Josias Teófilo na Crusoé: A ditadura da informalidade
Pensamento que põe tudo o que é marginal no centro da cultura brasileira não parou até hoje e está na origem do esquecimento de importantes artistas
Joaquim Pedro de Andrade, quando era um jovem cineasta, no final dos anos 1950, fez um documentário sobre Manuel Bandeira e Gilberto Freyre financiado pelo Instituto Nacional do Livro. O filme, chamado inicialmente de O Mestre de Apipucos e O Poeta do Castelo (1959), mostrava os dois personagens em seus respectivos lares, com narração em off. Porém, enquanto Manuel Bandeira morava num apartamento simples no centro do Rio de Janeiro, Gilberto Freyre habitava uma grande casa histórica no bairro de Apipucos, no Recife. E enquanto Bandeira recitava um poema, Freyre falava da sua rotina e de sua casa. Na primeira exibição do filme o contraste ficou muito evidente, Freyre foi visto como um esnobe.

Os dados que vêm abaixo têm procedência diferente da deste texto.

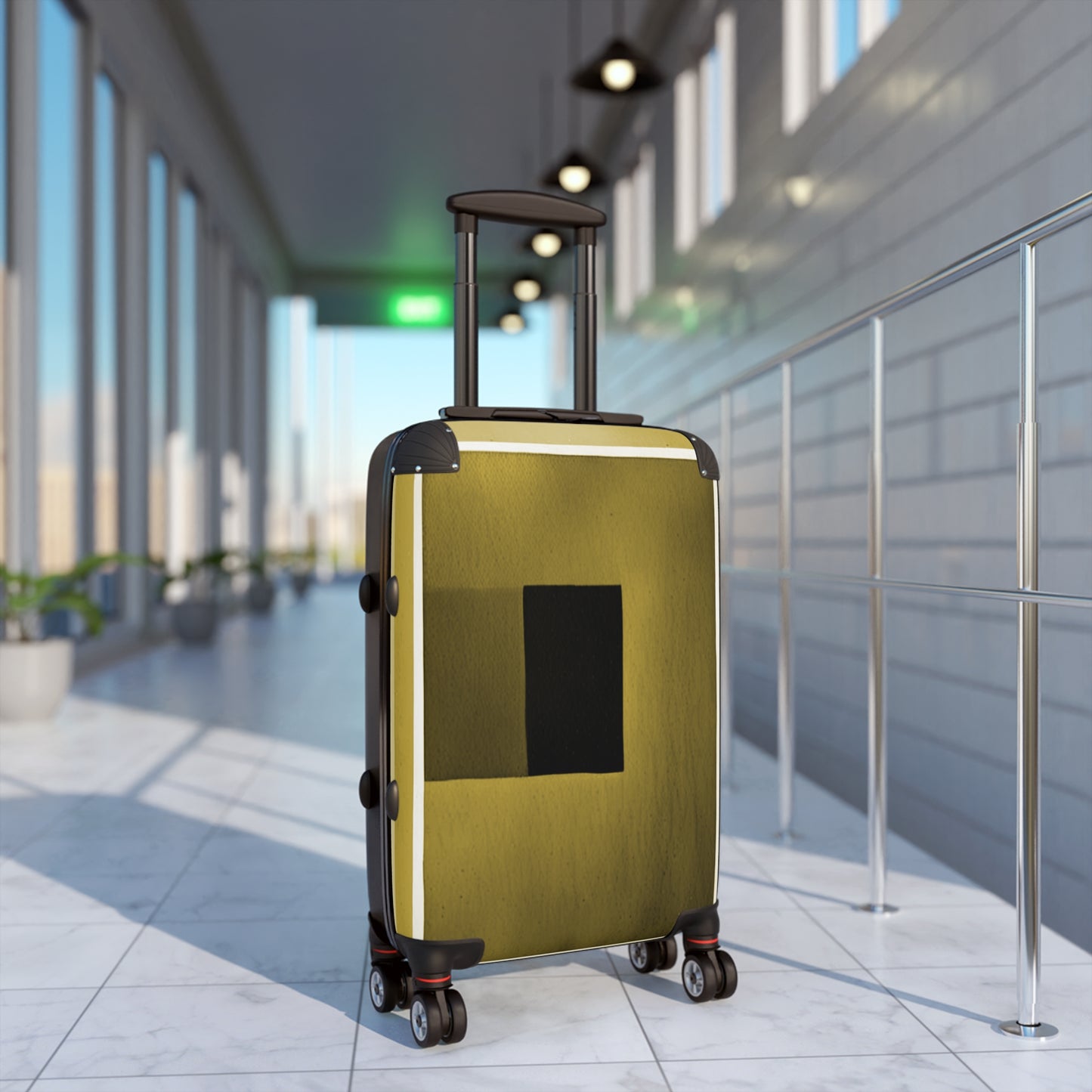 Tan Shadow Small Suitcase with built in lock, 4 double-wheels, telescopic handle, and ABS back hard-shell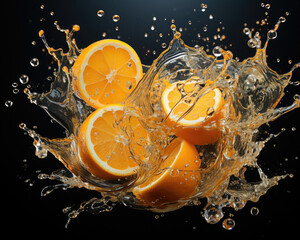 Orange slices with water splash fresh juice preparation on black background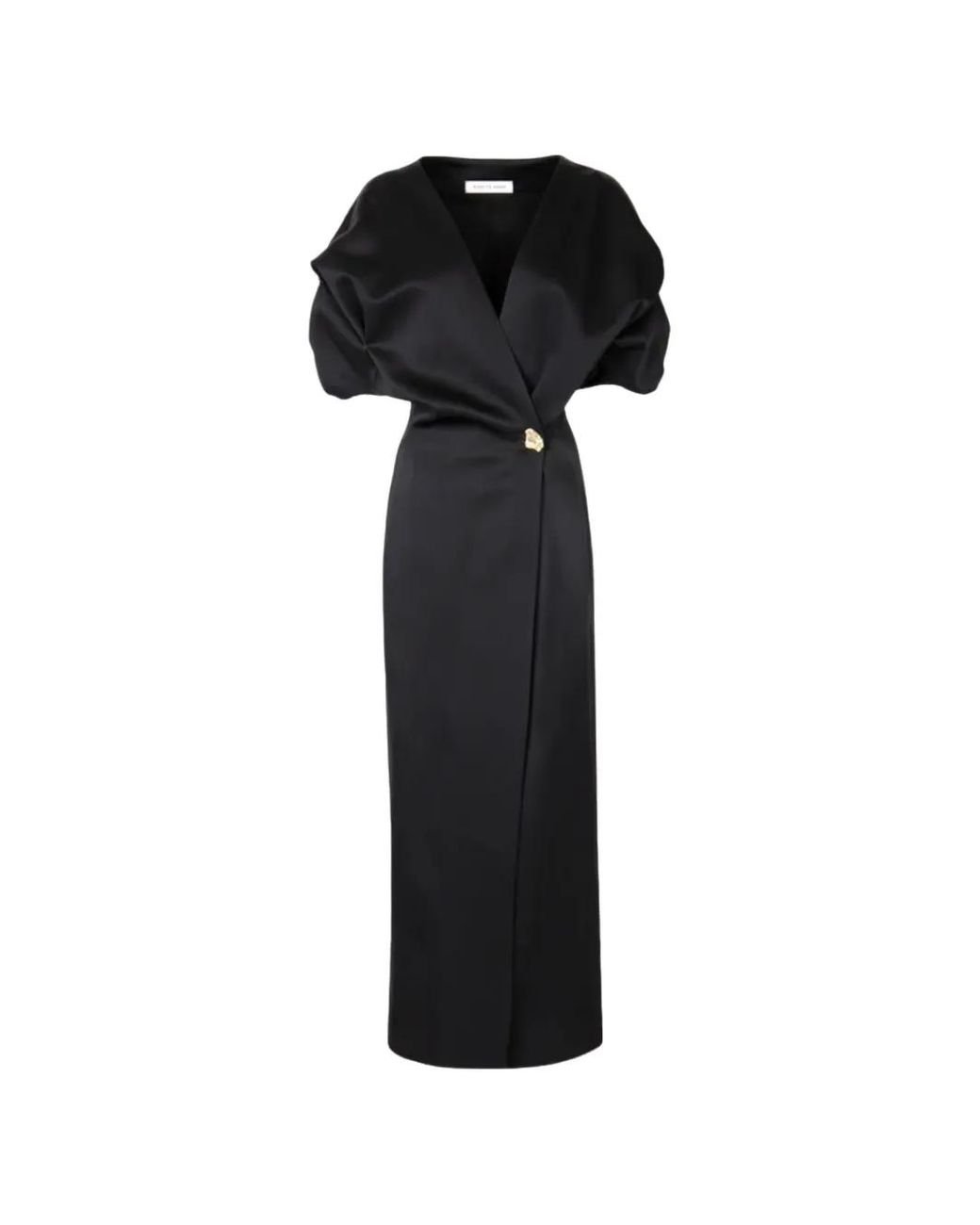 Raquel Diniz Black Anastasia Draped V-Neck Maxi Dress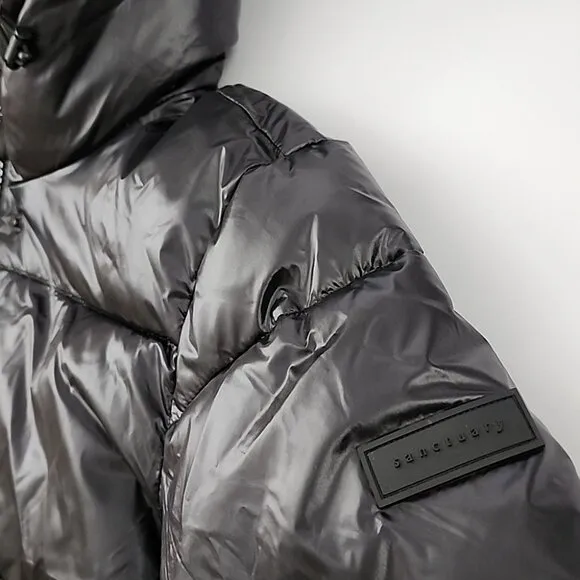 Sanctuary Women's Black Winter Coat Hooded Puffer-Up Premium Insulation Size M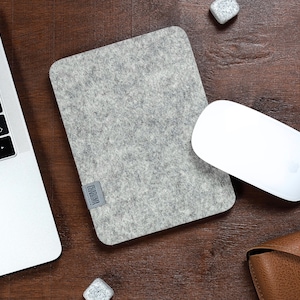 Filz Maus Pad,Kleines Mousepad,100% Merino Wollfilz,Kork,Hellgrau,Minimal Design,Laptop Maus Pad,Musemåtte,Tapis de Souris,Filz Mousepad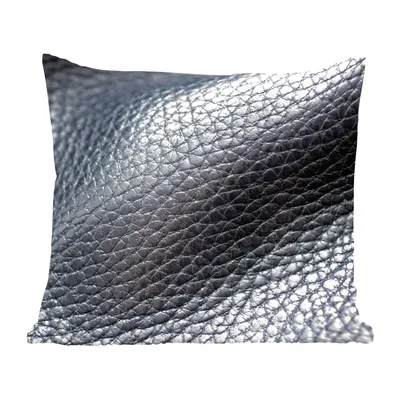 Produktbild von MuchoWow® Zierkissen Sofakissen Wohnzimmer Dekokissen 40x40 cm Leder - Textur - Schwarz - Hell - Foto Kissen - Schlafzimmer Dekoration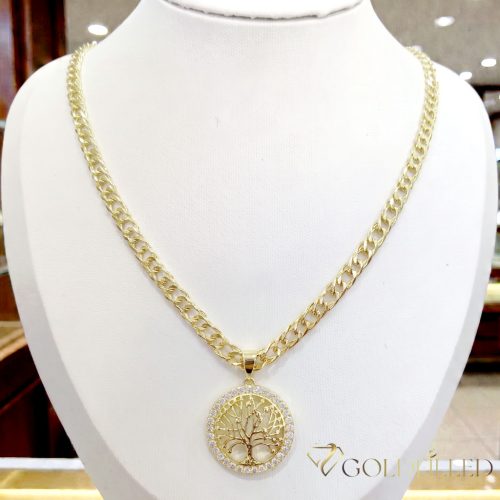 Lanț antialergic „Goldfilled” 45cm/5,2mm + pandantiv, culoare 14K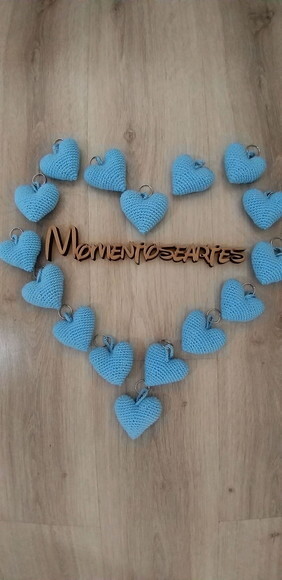 Varal de Berço Amigurumi Corações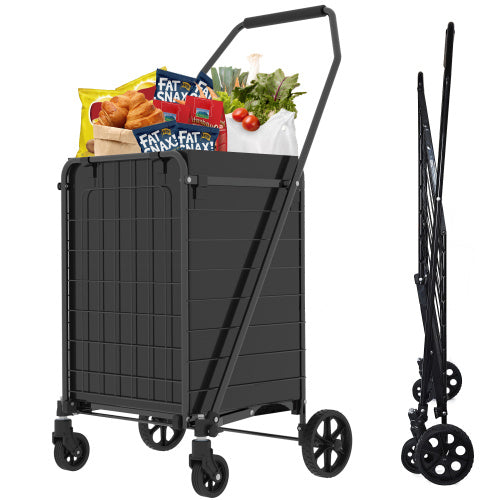 Foldable Shopping Cart with Wheels – Utility Grocery Trolley with Double Basket & 360° Swivel Wheels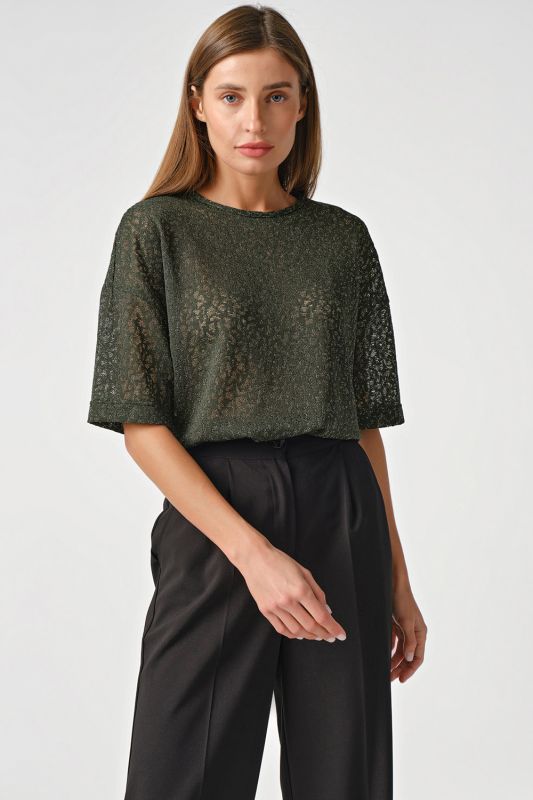 Green openwork knitted tunic with lurex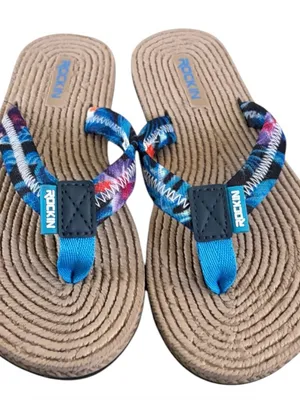 ROCKIN Flip Flop Sandals Women's Multicolored Size 10 NWT thumbnail 1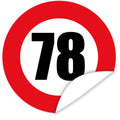 Aufkleber-Zahl-78-Motiv-Verkehrsschild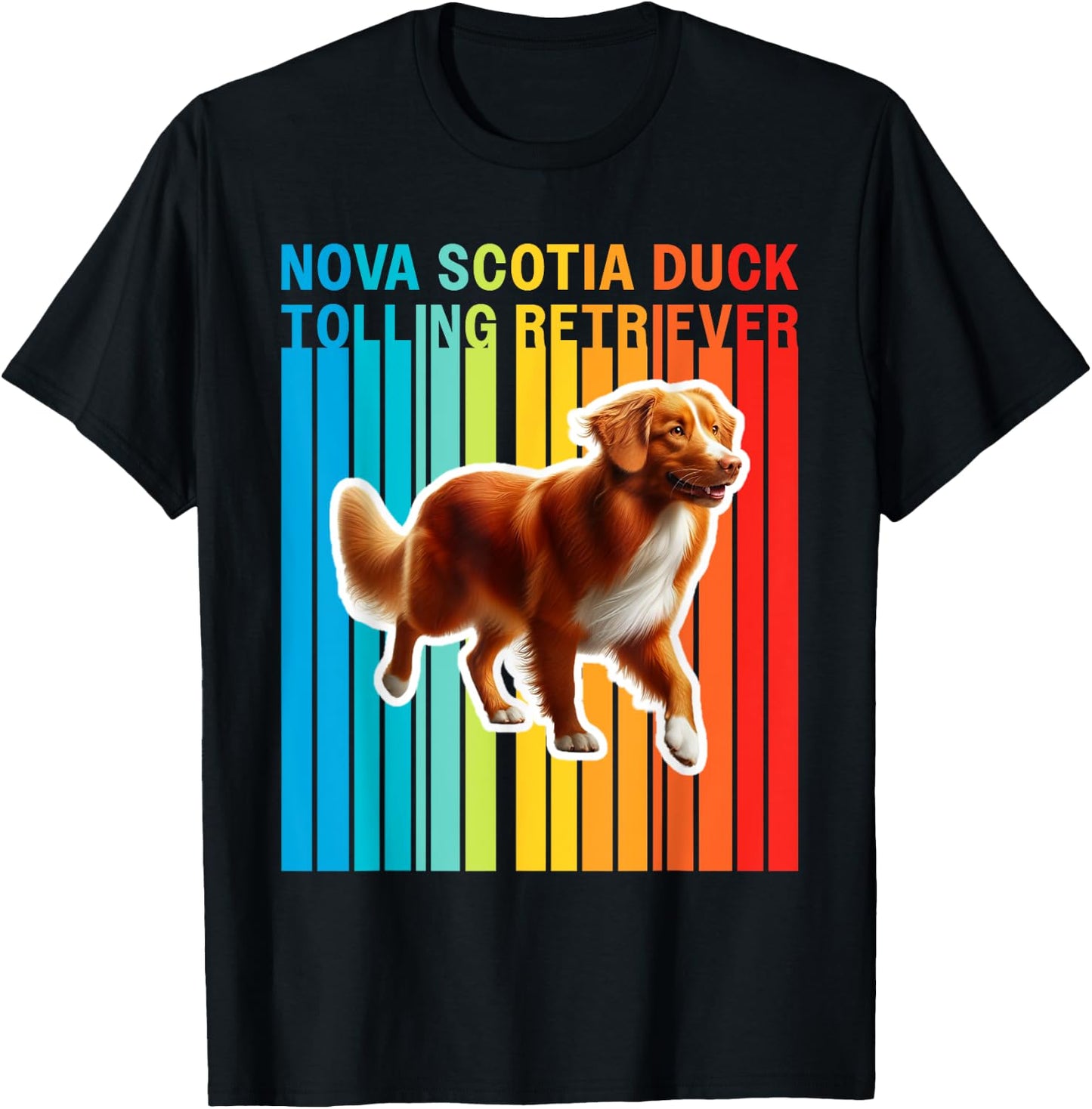 Colorful Nova Scotia Duck Tolling Retriever T-Shirt - T-Shirt | Black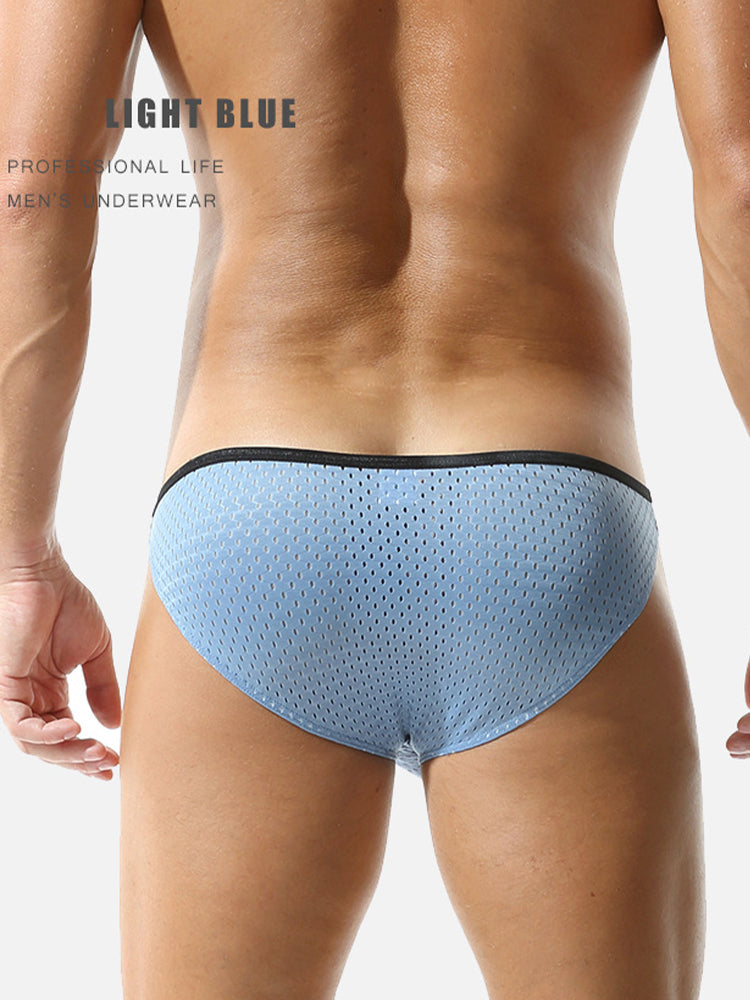 2-pack Men's Low-rise Mesh U-shaped Convex Pocket Sports Briefs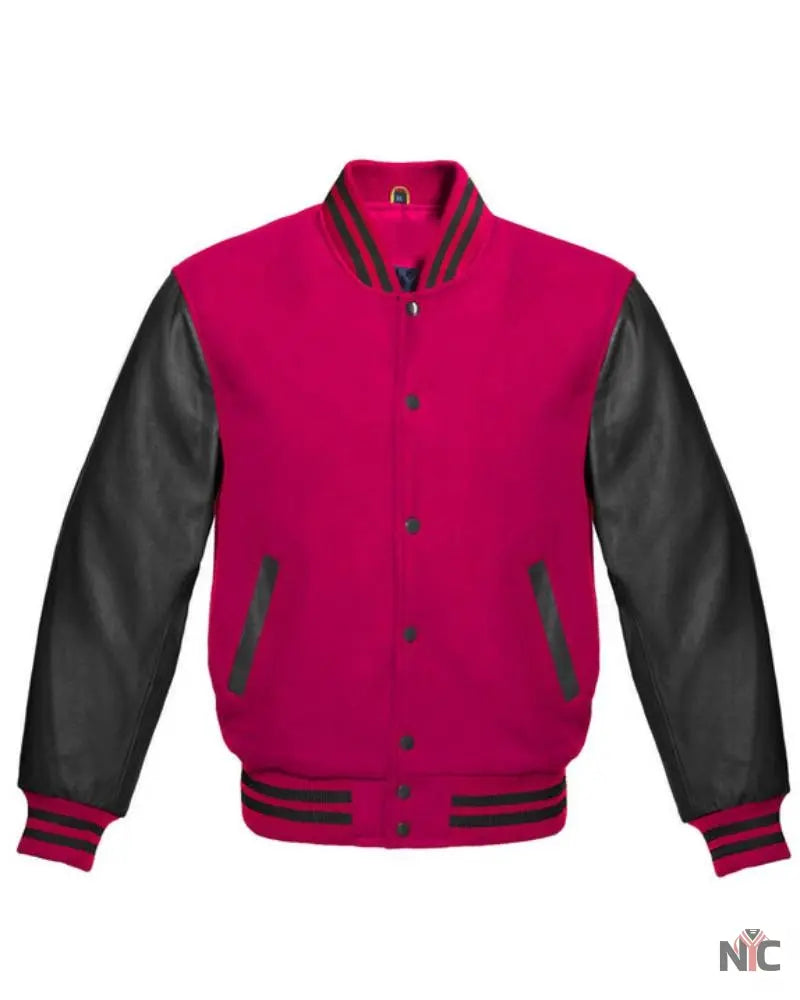Hot Pink & Black Varsity Jacket Clanton Jacket
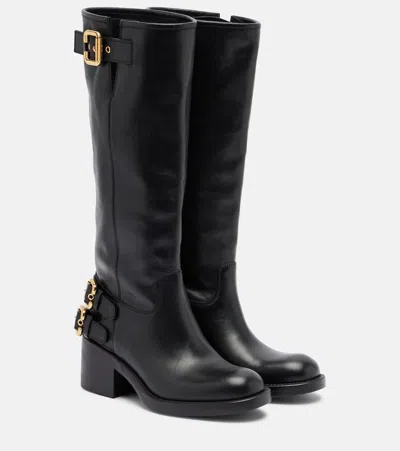 Chloé Dakota Leather Biker Boots In Black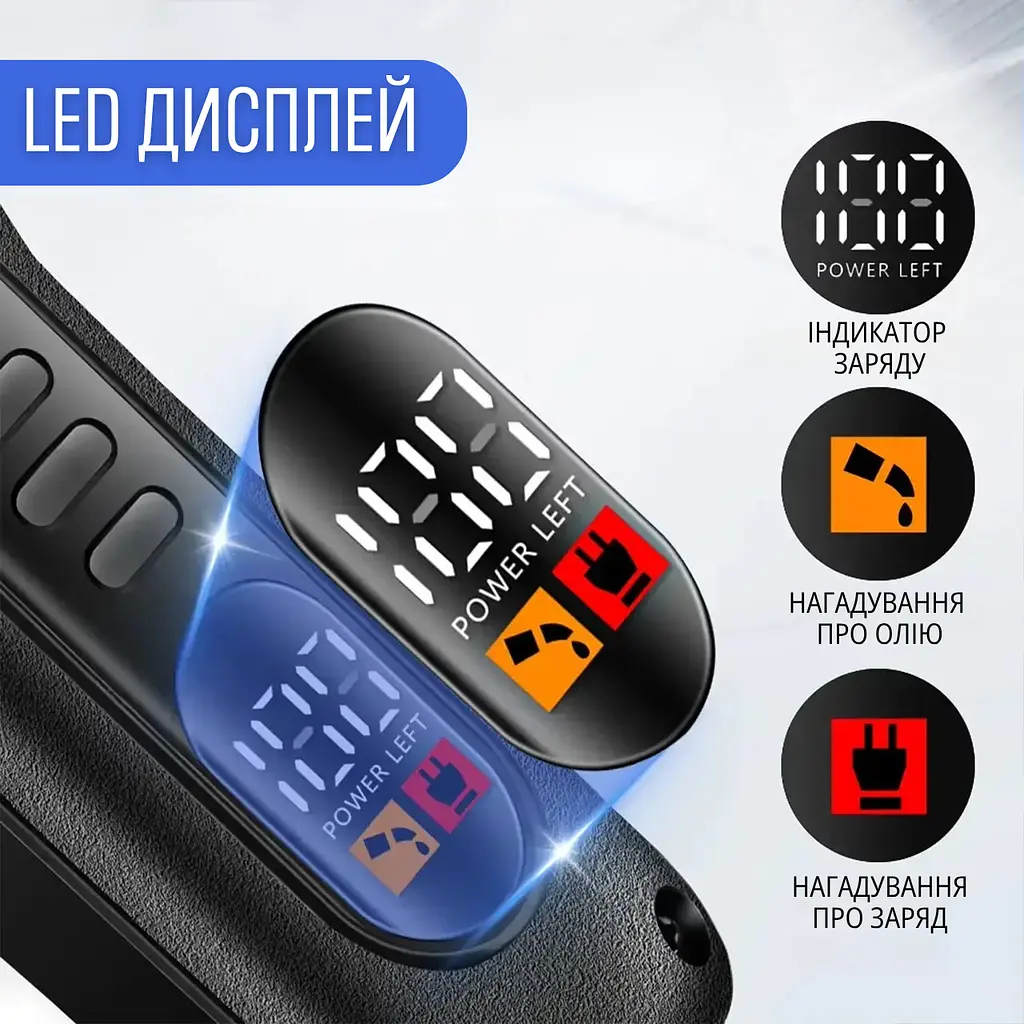 Професійна акумуляторна машинка для стрижки волосся і бороди з LED-дисплеєм Geemy, Тример для стрижки + 4 насадки, Чорна - фото 7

À época, Gilberto Freyre escreveu um artigo comentando o curta e rebatendo as críticas que recebeu. A solução de Joaquim Pedro de Andrade foi separar o filme em dois – mas a polêmica estava instaurada. E aparentemente deixou mágoas, uma vez que Gilberto Freyre (ou sua família) não incluiu o filme no resumo biográfico publicado nos livros de sua autoria. O que, aliás, precisa ser corrigido, esses dois filmes são duas preciosidades, tanto pela relevância central dos personagens na cultura brasileira como pelo refinamento da linguagem cinematográfica.
Luciana Corrêa de Araújo escreveu no livro Joaquim Pedro de Andrade: Primeiros Tempos que o contraste entre os personagens é uma “evidente contraposição entre os dois escritores, na qual cabem a Bandeira os valores positivos”. E mais: “Seu despojamento [do poeta] ganha valoração muitos pontos acima da exuberância de Freyre, vista sob a ótica da vaidade e do elitismo”. Só que a interpretação da pesquisadora não encontra confirmação em nenhum comentário de Joaquim Pedro. Na verdade, ele trata Freyre – que era amigo pessoal do seu pai, o criador do Iphan, Rodrigo Melo Franco de Andrade – com grande reverência, chamando-o de “mestre”. E no final da vida escreveu um roteiro baseado em Casa Grande & Senzala, com autorização do mestre, e o filme não foi realizado apenas porque ele adoeceu e veio a falecer.